Morrisons announces fall in Q3 sales

Today Morrisons reported a dip in like-for-like (LFL) sales of 2.1% in its Q3 report.

The dip came after a poor H1 performance from the supermarket chain, when LFL sales fell by 0.9%.

Clive Black from Shore Capital pointed out that the figure included uplifts from the conversion of stores to the Fresh Format, of which 35 have been completed in the weeks to 13 October 2012, “and implied a materially weak volume picture,” he said.

Black noted there was expected to be an increase in sales (by 4%-6%) from the Fresh Format stores, but said: “The performance of non-converted Morrisons outlets is likely to be that bit weaker still – LFL volumes may be down by 4%-5%.”

Kantar Worldpanel director Edward Garner said the performance of Morrisons would cause concern. He added: “Recent announcements about the development of online and convenience, which are the two fastest-growing grocery channels, will no doubt be given added urgency as these channels continue to deliver growth for competitors.”
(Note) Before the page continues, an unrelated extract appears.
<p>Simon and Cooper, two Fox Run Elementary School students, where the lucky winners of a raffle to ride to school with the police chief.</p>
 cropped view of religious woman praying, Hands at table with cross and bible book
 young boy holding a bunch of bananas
Black also speculated that Morrisons’ problems were likely to be caused by doing “too much too young” and through making changes. However, Black also said that some changes, such as the M-Kitchen and NuMe ranges, had added a boost to Morrisons’ offer.

Black finished: “Shore Capital notes that Morrison has announced that its commercial director, Richard Hodgson, is standing down from day-to-day duties, his role being assumed by long-standing company executive Martyn Jones. Such a development does not suggest to us, at least, a totally harmonious senior team.”